Cette fulgurance peut sembler surprenant, mais ne l’est pas en réalité. Pour le Dr. Diallo, l’édition est une continuité du métier d’historien. «En 2008, je suis allé voir le directeur de l’Harmattan à Paris et je lui ai parlé de mon envie de me former à l’édition parce que, pour moi, cette dernière et l’histoire, mon domaine de formation, se complétaient. Ce sont, réellement, les deux faces d’une même pièce», dit-il.
Complexe culturel
Stagiaire dans un premier temps, il est embauché au département africain de ladite maison d’édition. Mais loin de vouloir s’établir en France, il revient au Sénégal, en 2009, pour fonder sa propre maison d’édition grâce à l’expérience alors capitalisée. Le nom de l’Harmattan, il l’obtient via un partenariat de franchise auprès de son ancien employeur, estimant que le rayonnement de ce dernier peut lui servir. «Au lieu de créer une maison d’édition ex-nihilo, avec un nom à construire, je me suis dit qu’il était plus intelligent de profiter du label de l’Harmattan, qui est la première maison d’édition francophone au monde», explique-t-il à EnQuête.

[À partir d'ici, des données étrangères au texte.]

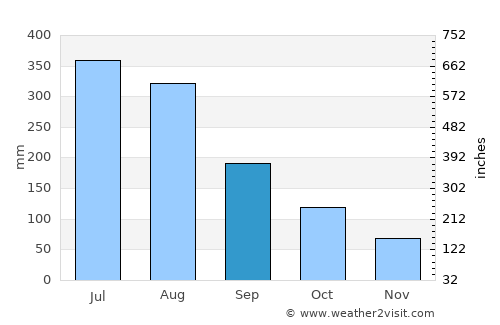 Daxing average rain in September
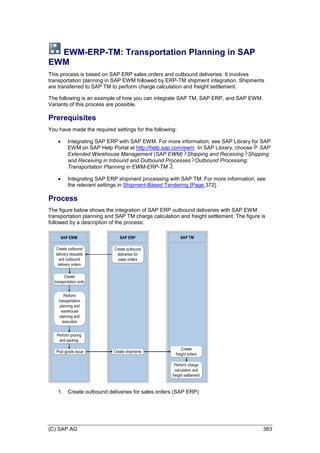 (C) SAP AG 383
EWM-ERP-TM: Transportation Planning in SAP
EWM
This process is based on SAP ERP sales orders and outbound deliveries. It involves
transportation planning in SAP EWM followed by ERP-TM shipment integration. Shipments
are transferred to SAP TM to perform charge calculation and freight settlement.
The following is an example of how you can integrate SAP TM, SAP ERP, and SAP EWM.
Variants of this process are possible.
Prerequisites
You have made the required settings for the following:
 Integrating SAP ERP with SAP EWM. For more information, see SAP Library for SAP
EWM on SAP Help Portal at http://help.sap.com/ewm. In SAP Library, choose SAP
Extended Warehouse Management (SAP EWM) Shipping and Receiving Shipping
and Receiving in Inbound and Outbound Processes Outbound Processing:
Transportation Planning in EWM-ERP-TM .
 Integrating SAP ERP shipment processing with SAP TM. For more information, see
the relevant settings in Shipment-Based Tendering [Page 372].
Process
The figure below shows the integration of SAP ERP outbound deliveries with SAP EWM
transportation planning and SAP TM charge calculation and freight settlement. The figure is
followed by a description of the process:
SAP ERP SAP TM
Create outbound
deliveries for
sales orders
Perform charge
calculation and
freight settlement
SAP EWM
Create outbound
delivery requests
and outbound
delivery orders
Create
transportation units
Create shipments
Post goods issue
Create
freight orders
Perform picking
and packing
Perform
transportation
planning and
warehouse
planning and
execution
1. Create outbound deliveries for sales orders (SAP ERP)
 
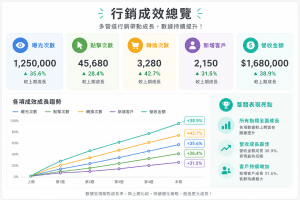 B2B 廣告投放規劃：精準鎖定企業主的實用策略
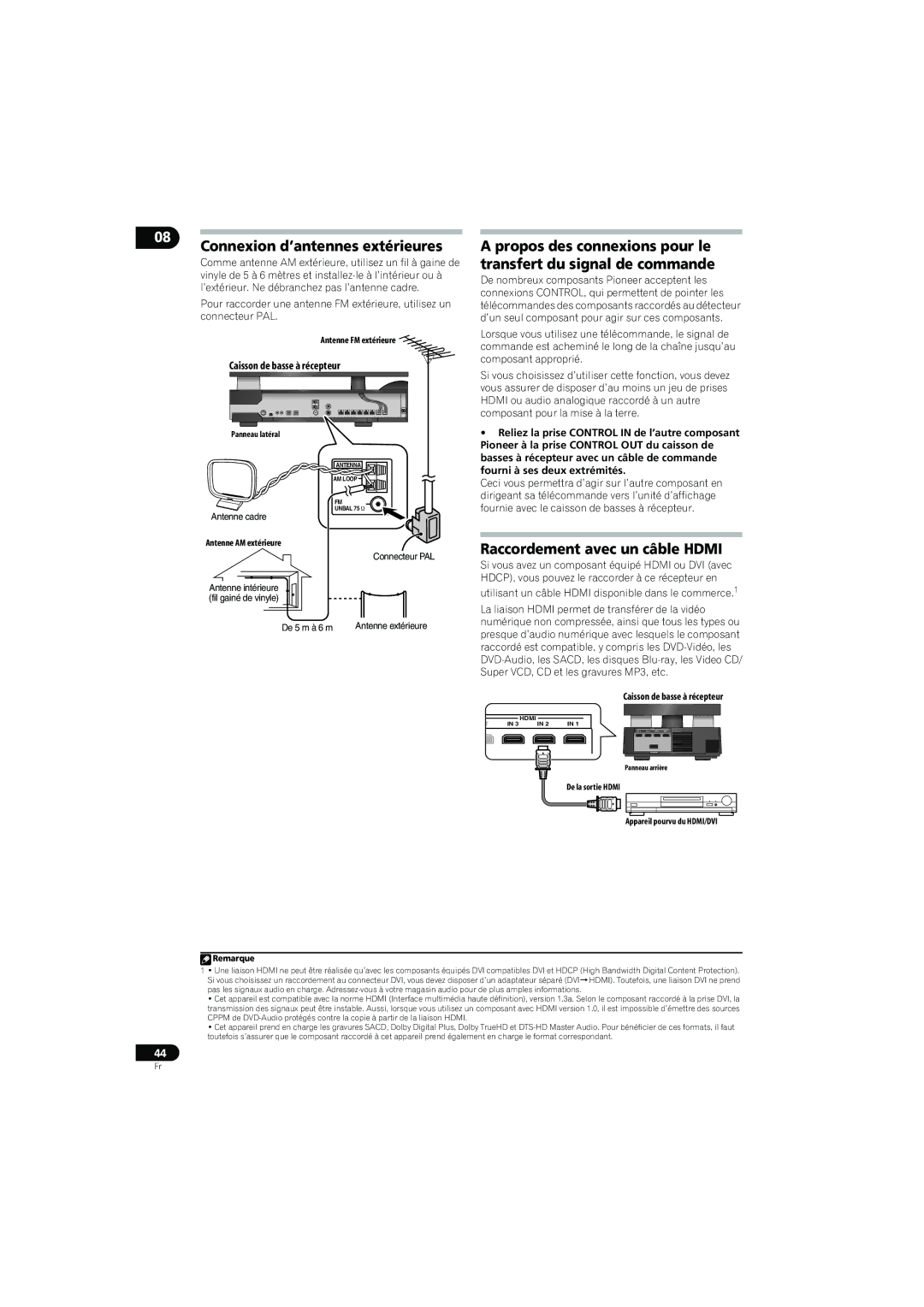 Pioneer SX-LX70SW Connexion d’antennes extérieures, Raccordement avec un câble Hdmi, Caisson de basse à récepteur 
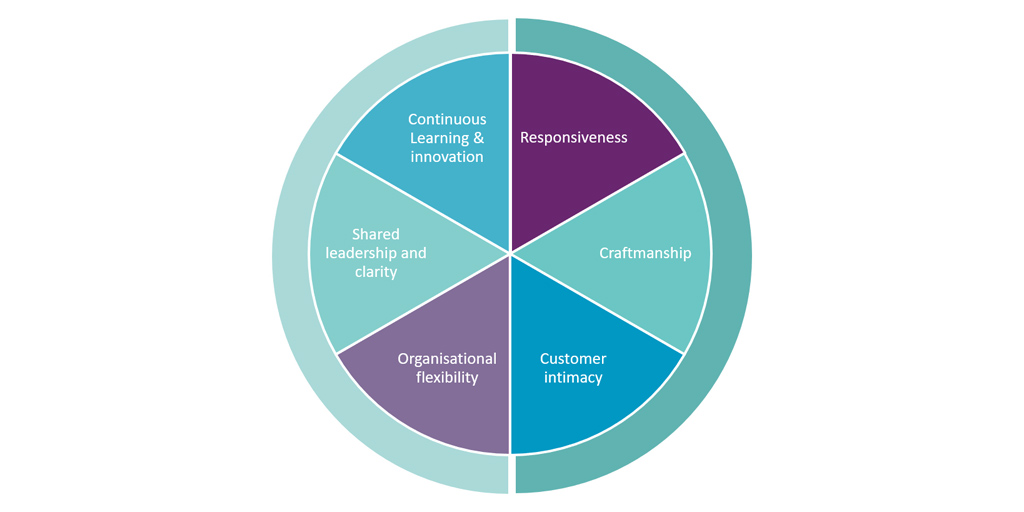 Agile transformation: the goals that make it last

Aujourd’hui, l’Harmattan Sénégal gère près de 200 titres, avec un catalogue qui est sorti du carcan purement académique pour s’ouvrir au roman, aux mémoires, à la poésie, à la biographie. Le challenge est clair : faire revenir le livre au Sénégal, avec ses lettres de noblesse… Le développement est en projet. A court terme, le siège de l’Harmattan Sénégal sera transféré sur la VDN. «On veut ouvrir non seulement une maison d’édition mais aussi une librairie et un café littéraire. Ce complexe culturel a pour vocation d’être le centre de la vie littéraire de Dakar, si Dieu le veut», conclut, Abdoulaye Diallo, en toute modestie.